→ **REQUIRED WORK**:
Lines from the one containing "ブラック系のサンダル、グレー" through the last line of the data below are to be returned exactly; leave out the rest.

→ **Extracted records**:
::::::::::

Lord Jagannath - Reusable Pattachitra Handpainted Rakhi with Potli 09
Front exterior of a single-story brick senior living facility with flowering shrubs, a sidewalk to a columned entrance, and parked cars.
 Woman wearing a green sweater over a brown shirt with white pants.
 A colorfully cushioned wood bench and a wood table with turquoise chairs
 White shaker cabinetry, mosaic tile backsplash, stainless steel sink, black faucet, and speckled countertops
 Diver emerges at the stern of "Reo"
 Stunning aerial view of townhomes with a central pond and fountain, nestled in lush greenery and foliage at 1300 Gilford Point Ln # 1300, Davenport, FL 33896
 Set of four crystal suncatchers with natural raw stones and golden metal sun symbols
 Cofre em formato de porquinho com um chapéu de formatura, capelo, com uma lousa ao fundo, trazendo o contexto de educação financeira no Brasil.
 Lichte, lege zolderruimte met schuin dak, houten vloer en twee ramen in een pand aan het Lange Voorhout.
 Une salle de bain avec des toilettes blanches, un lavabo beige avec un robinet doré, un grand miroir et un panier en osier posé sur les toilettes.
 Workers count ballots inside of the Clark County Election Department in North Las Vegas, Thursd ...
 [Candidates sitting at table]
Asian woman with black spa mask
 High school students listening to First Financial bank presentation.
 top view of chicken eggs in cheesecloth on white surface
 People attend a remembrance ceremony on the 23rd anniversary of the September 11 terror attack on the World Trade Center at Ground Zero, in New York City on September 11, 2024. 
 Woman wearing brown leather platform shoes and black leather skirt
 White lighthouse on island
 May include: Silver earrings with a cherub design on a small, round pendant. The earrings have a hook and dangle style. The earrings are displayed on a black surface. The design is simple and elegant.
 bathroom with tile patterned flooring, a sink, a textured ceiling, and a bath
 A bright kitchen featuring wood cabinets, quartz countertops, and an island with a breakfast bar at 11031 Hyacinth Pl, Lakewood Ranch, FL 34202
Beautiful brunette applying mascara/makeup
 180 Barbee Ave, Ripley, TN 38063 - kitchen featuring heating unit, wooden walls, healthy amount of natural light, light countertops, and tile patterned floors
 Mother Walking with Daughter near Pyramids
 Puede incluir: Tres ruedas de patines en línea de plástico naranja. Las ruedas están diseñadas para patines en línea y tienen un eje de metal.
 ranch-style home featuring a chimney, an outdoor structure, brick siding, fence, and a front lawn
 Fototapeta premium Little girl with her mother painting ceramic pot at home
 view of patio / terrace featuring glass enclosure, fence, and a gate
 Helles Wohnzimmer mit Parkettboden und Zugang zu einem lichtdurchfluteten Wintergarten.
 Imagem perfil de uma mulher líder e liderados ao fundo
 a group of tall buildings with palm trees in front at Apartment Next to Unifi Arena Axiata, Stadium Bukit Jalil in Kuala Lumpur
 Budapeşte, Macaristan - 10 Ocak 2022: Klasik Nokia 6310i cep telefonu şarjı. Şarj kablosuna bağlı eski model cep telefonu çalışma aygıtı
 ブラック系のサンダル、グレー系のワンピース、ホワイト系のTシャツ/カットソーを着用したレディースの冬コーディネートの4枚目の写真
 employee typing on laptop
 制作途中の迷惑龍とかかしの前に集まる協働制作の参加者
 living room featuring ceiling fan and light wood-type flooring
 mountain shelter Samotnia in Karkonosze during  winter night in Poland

::::::::::

→ **SOLVED PROBLEM**:
 ブラック系のサンダル、グレー系のワンピース、ホワイト系のTシャツ/カットソーを着用したレディースの冬コーディネートの4枚目の写真
 employee typing on laptop
 制作途中の迷惑龍とかかしの前に集まる協働制作の参加者
 living room featuring ceiling fan and light wood-type flooring
 mountain shelter Samotnia in Karkonosze during  winter night in Poland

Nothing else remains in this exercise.